> [REQUIRED WORK] When you retype the data, keep every word exactly and include none of the pictures.

> [AVAILABLE DATA]

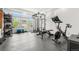 A well-equipped home gym with various weight machines, free weights, and large bright windows at 4960 Malaya St, Denver, CO 80249
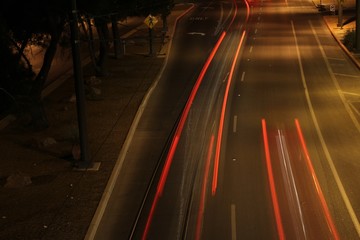 Late night traffic in downtown Tucson using long exposure or light painting. 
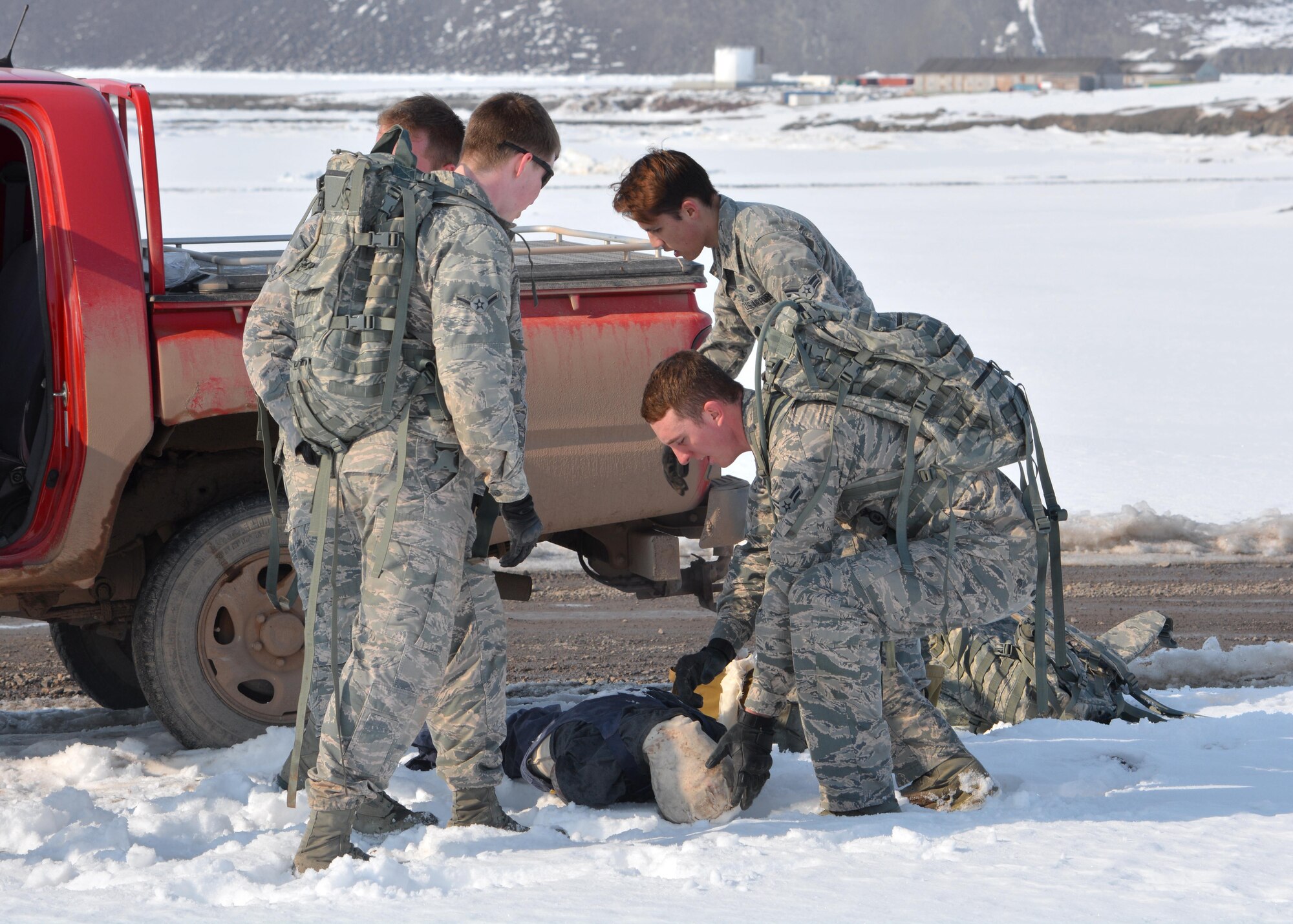 THULE AIR BASE, Greenland – 821st Security Forces Squadron defenders compete in the Self Aid and Buddy Care event of the Defender’s Challenge on May 18, 2016 at Thule Air Base, Greenland. The challenge was a way for 821st SFS to celebrate Police Week at the Top of the World. (U.S. Air Force photo by Tech. Sgt. Gary Chickery)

> [SOLUTION TO THIS PROBLEM]
 A well-equipped home gym with various weight machines, free weights, and large bright windows at 4960 Malaya St, Denver, CO 80249
 Late night traffic in downtown Tucson using long exposure or light painting. 
 THULE AIR BASE, Greenland – 821st Security Forces Squadron defenders compete in the Self Aid and Buddy Care event of the Defender’s Challenge on May 18, 2016 at Thule Air Base, Greenland. The challenge was a way for 821st SFS to celebrate Police Week at the Top of the World. (U.S. Air Force photo by Tech. Sgt. Gary Chickery)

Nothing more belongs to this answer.